U.S. Supreme Court Ware v. Allen, 128 U.S. 590 (1888)
Ware v. Allen
Argued November 28, December 3, 1888
Decided December 17, 1888
128 U.S. 590
APPEAL FROM THE CIRCUIT COURT OF THE UNITED
STATES FOR THE SOUTHERN DISTRICT OF MISSISSIPPI
On the proofs, the Court holds that the contract upon which this suit is brought never went into effect, that the condition upon which it was to become operative never occurred, and that the case is one of that class, well recognized in the law, by which an instrument, whether delivered to a third person as an escrow or to the obligee in it, is made to depend, as to its going into operation, upon events to occur or to be ascertained thereafter.
Parol evidence is admissible, in an action between the parties, to show that a written instrument, executed and delivered by the party obligor to the party obligee, absolute on its face, was conditional and was not intended to take effect until another event should take place.
In equity. Decree dismissing the bill. Complainant appealed. The case is stated in the opinion.
MR. JUSTICE MILLER delivered the opinion of the Court.
This is an appeal from the Circuit Court of the United States for the Southern District of Mississippi.
The suit was originally commenced in the Chancery Court of Copiah County in that state, and its equity jurisdiction was based upon a statute of Mississippi authorizing attachments to be issued out of the courts of chancery.

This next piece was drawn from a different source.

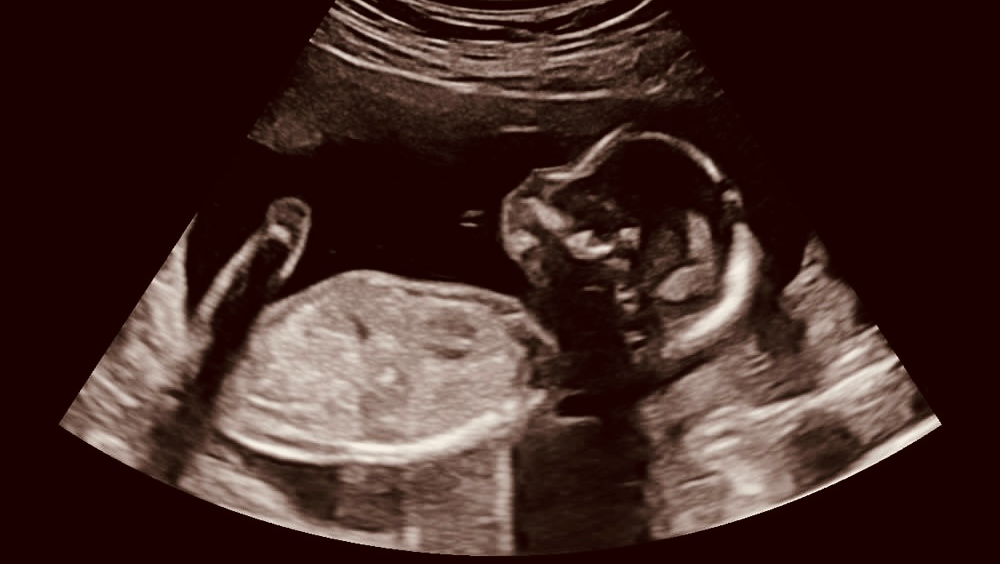 Trying to Get Back on My Feet Before Baby Arrives ❤️ photo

The case was removed into the circuit court of the United States by reason of the diverse citizenship of the parties, and no question was made in that court with regard to the right to proceed in it as a case in equity.
W. P. Ware was the plaintiff below, and from a decree dismissing his bill he has taken this appeal. The action was brought upon a written instrument, of which the following is a copy:
"NEW ORLEANS, Nov. 7, 1881"
"Ninety days after date, we promise to pay W. P. Ware, or order, ten thousand dollars for two notes of T. P. Ware for five thousand dollars each, dated August 21, '81, one on demand and one at 30 days, provided we are not defeated in the suit against T. P. Ware. If so, this note is void."

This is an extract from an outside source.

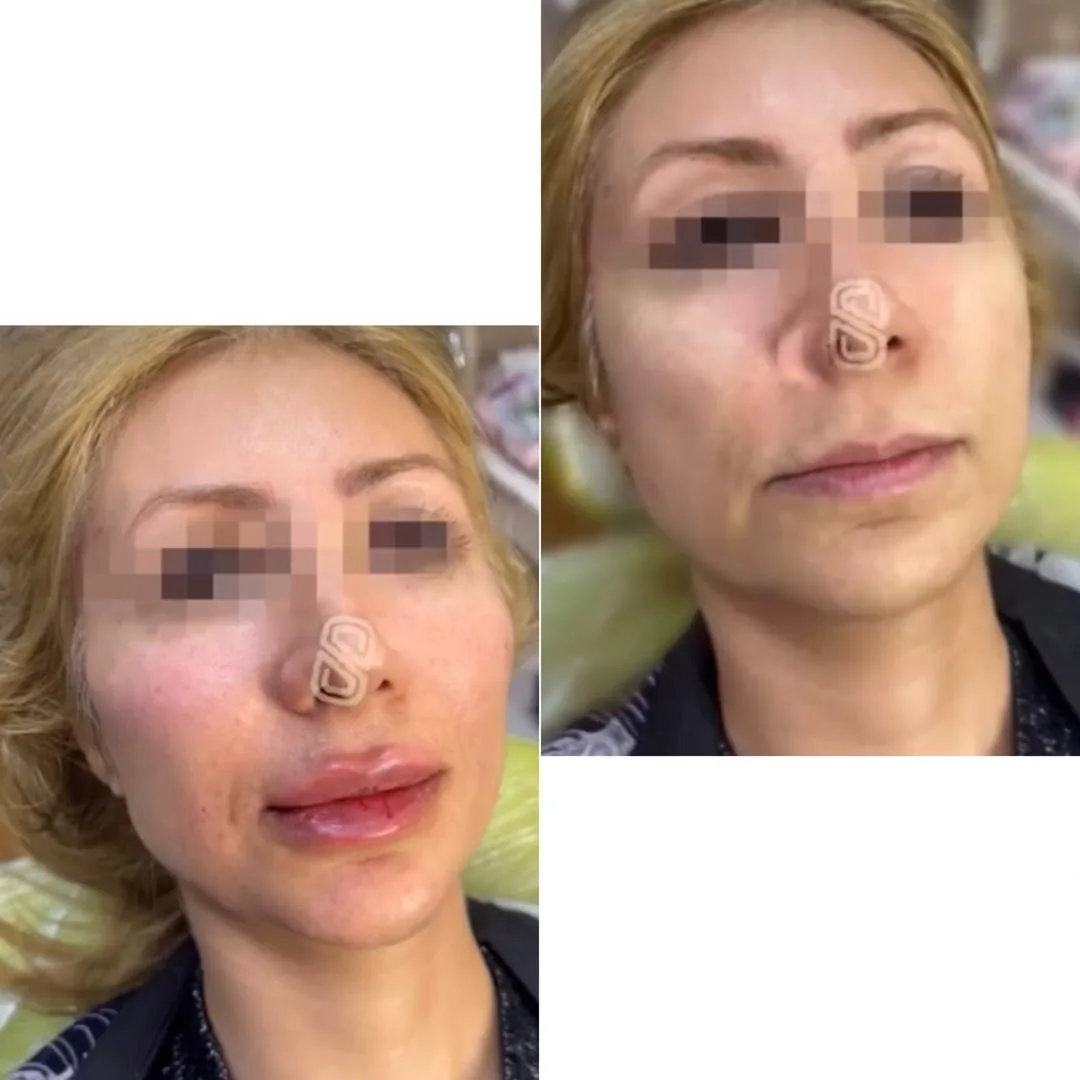 مطب زیبایی دکتر الهه کریمی - تصویر 3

"[Signed] ALLEN, WEST & BUSH"
The pleadings and the evidence present without much contradiction the following leading facts:
It appears that T. P. Ware, a brother of the appellant, W. P. Ware, was conducting a mercantile business at Hazlehurst, in the State of Mississippi, and in the course thereof had extensive dealings with the firm of Allen West & Bush a mercantile house in the City of New Orleans by which he became indebted to them at the
date of the above paper in the sum of about $18,000. The business of T. P. Ware was conducted almost entirely by his brother, the plaintiff in this action, and was so embarrassed that the debts could not be paid. It would also appear from the testimony that W. P. Ware had a year or two before conducted an unsuccessful business at the same place, in his own name, and, being likely to fail or having become insolvent, had sold out his store and goods to T. P. Ware, his brother, but as agent, for the latter ostensibly continued to manage or control the business, which was thereafter carried on at the same stand in the name of T. P. Ware.

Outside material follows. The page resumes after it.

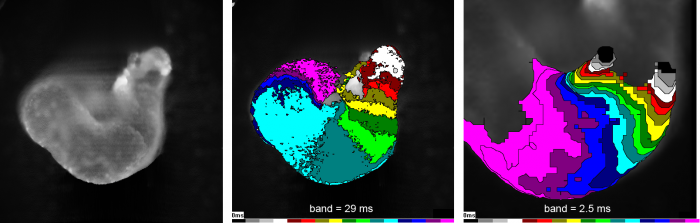 Cardiovascular Morphogenesis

In this condition of affairs, W. P. Ware made a visit to Allen West & Bush at New Orleans, and had several interviews with them there, during which time the instrument now sued upon was executed. He stated to that firm in the course of those interviews that his brother was unable to pay his debts, and that his creditors were becoming impatient; that he himself held two notes made by his brother for $5,000 each, amounting to $10,000, and that he desired defendants to initiate proceedings to attach the goods of T. P. Ware or to obtain from him an assignment or mortgage which would secure their debt as well as his own. For that purpose, he proposed to assign over to them the two notes which he held against his brother, T. P. Ware, taking their obligation to pay him the amount. The defendants were disinclined to enter upon this course of proceeding, stating that they did not know of any cause for which an attachment could be issued or which would justify them in seizing the property of their debtor. The plaintiff replied that he would furnish them with cause for such attachment if they would enter into the arrangement which he proposed -- that is to say that he would show them sufficient reason for the seizing of the property by an attachment. The defendants again expressed their doubt about the success of such a course, but said they would like to consult Judge Harris, who lived in Mississippi, and also their counsel, J. M. Allen. Mr. Ware seemed impatient of this delay, as there was danger that somebody else might attach the property, and thus defeat both of their claims, and finally,
under his pressure, the notes of T. P. Ware were transferred to the defendant firm, and they gave the instrument upon which this suit is brought.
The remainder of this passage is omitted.